Work instructions: Pictures aside, write out the data exactly as it reads.

Information provided:
--- START ---

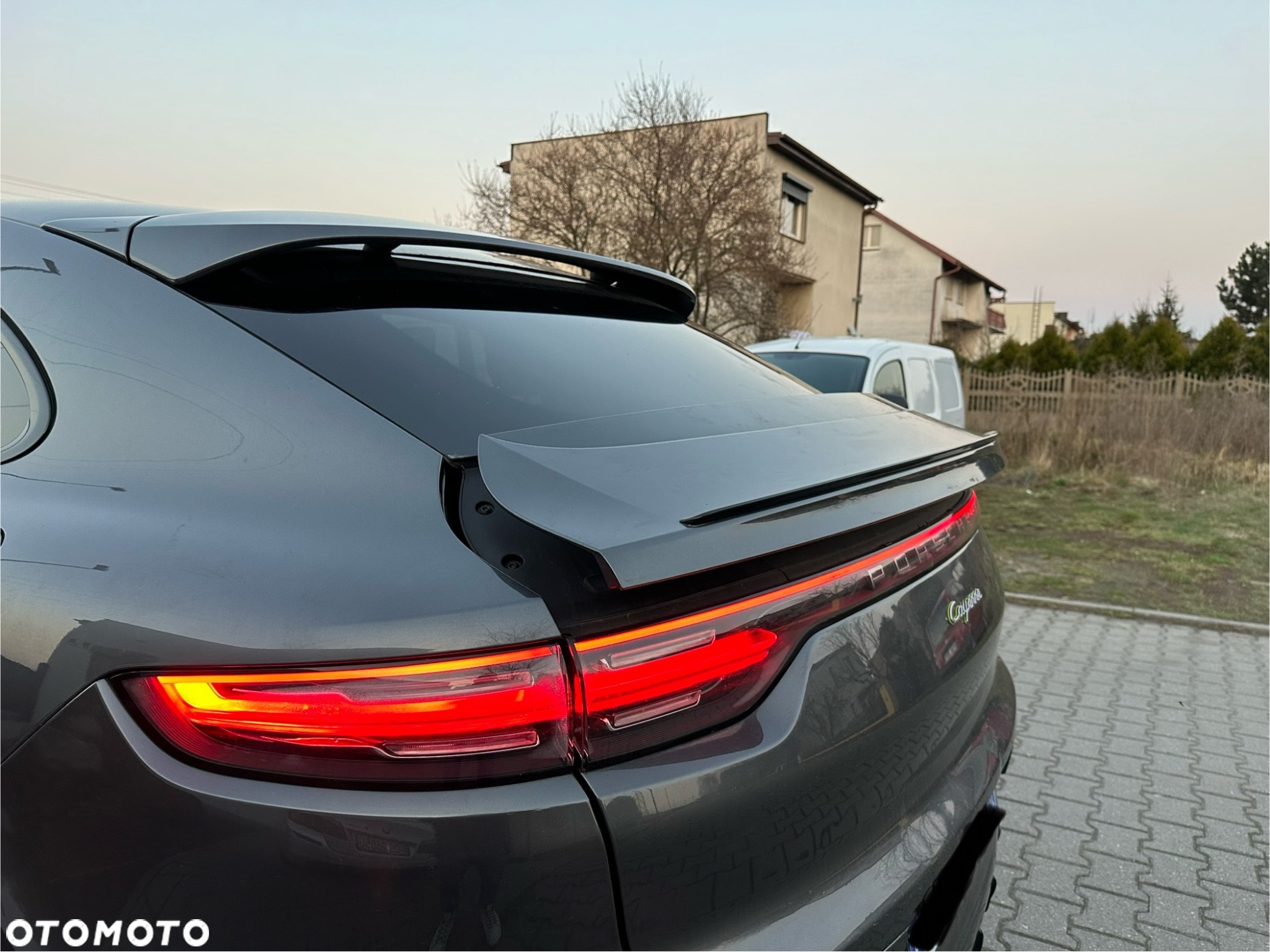 Porsche Cayenne Coupe E-Hybrid Platinum Edition - 9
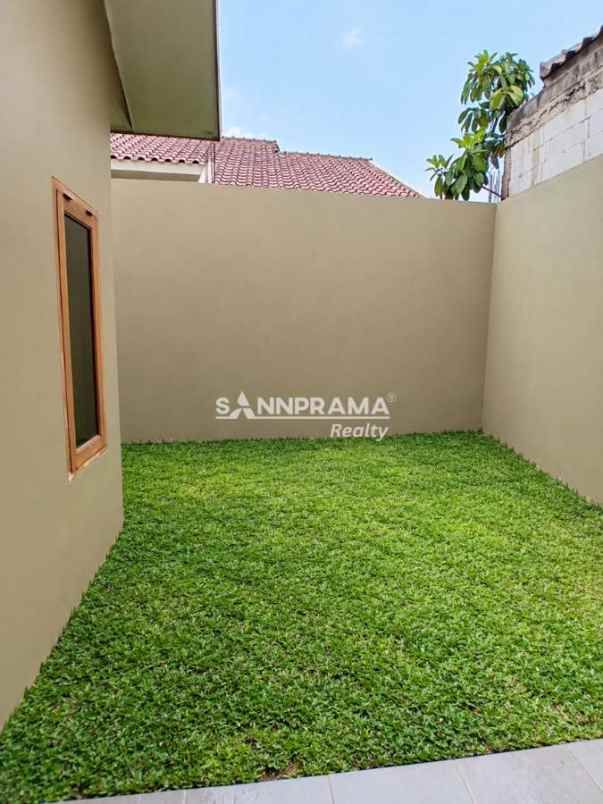dijual rumah cipayung zdepok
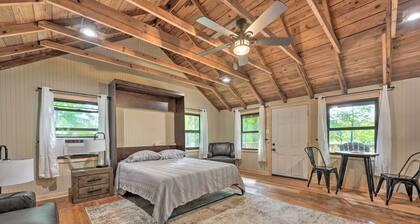 Cassopolis 'The Cabin' Retreat: Lake Access!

--- END ---

Exercise output:
 Porsche Cayenne Coupe E-Hybrid Platinum Edition - 9
dijual rumah cipayung zdepok
 Cassopolis 'The Cabin' Retreat: Lake Access!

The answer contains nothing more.